Le portrait d’Hamed Bakayoko, brandi le 29 septembre 2018 à Abidjan durant la campagne électorale des municipales (AFP).

– « Levier politique » –

En 2013, « Hambak, devenu ministre de l’Intérieur, « se cachait pour venir danser au Life Star (une des boites de nuit courues d’Abidjan), parce que les ministres n’avaient pas le droit de s’afficher ainsi », se souvient en souriant Ickx Fontaine. Pour plus de discrétion, Hamed Bakayoko s’était finalement fait installer une boite de nuit privée dans sa résidence du quartier huppé de Riviera Golf. « On organisait des fêtes chez lui, il aimait la belle vie, sans complexe, il y avait une vraie sincérité chez lui. Avant d’être un homme politique, c’était un homme de showbiz », constate Arthur2Tunis.
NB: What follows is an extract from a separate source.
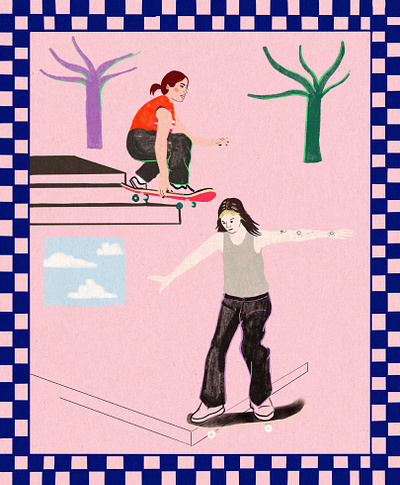 my friends character friendship illustration procreate queer skate skateboarding skater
Hamed Bakayoko (G), à l’époque ministre de l’Intérieur, félicite A’Salfo, chanteur du groupe ivoirien Magic System lors d’un concert du groupe à Abidjan le 14 avril 2013 (AFP).
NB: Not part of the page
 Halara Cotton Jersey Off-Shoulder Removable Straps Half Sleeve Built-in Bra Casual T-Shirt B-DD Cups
Pour autant, la proximité affichée de Hambak avec le monde de la musique n’était pas dénuée de calcul politique, car elle servait son image d’homme proche du peuple. « Ce n’est pas anodin qu’il ait été un artisan de l’organisation des funérailles de DJ Arafat », dont il était un ami intime, relève l’analyste politique Rodrigue Koné. A son arrivée au grand stade d’Abidjan où se déroulaient la cérémonie musicale de funérailles, Hamed Bakayoko avait fait un tour d’honneur pour se faire acclamer.

« Arafat était une icône des jeunes. Hambak avait les codes pour se connecter à la jeunesse et cette capacité à représenter la jeunesse était un bon levier politique pour lui, dans un pays où il y a une cassure générationnelle entre une population très jeune et un régime gérontocratique », décrypte M. Koné. « Hambak a joué la figure du représentant de la jeunesse auprès du président Alassane Ouattara, représentant de l’élite », conclut-il.

Hamed Bakayoko (C), à l’époque ministre de la Défense, durant les funérailles du chanteur ivoirien DJ Arafat, à Abidjan, le 30 août 2019 (AFP).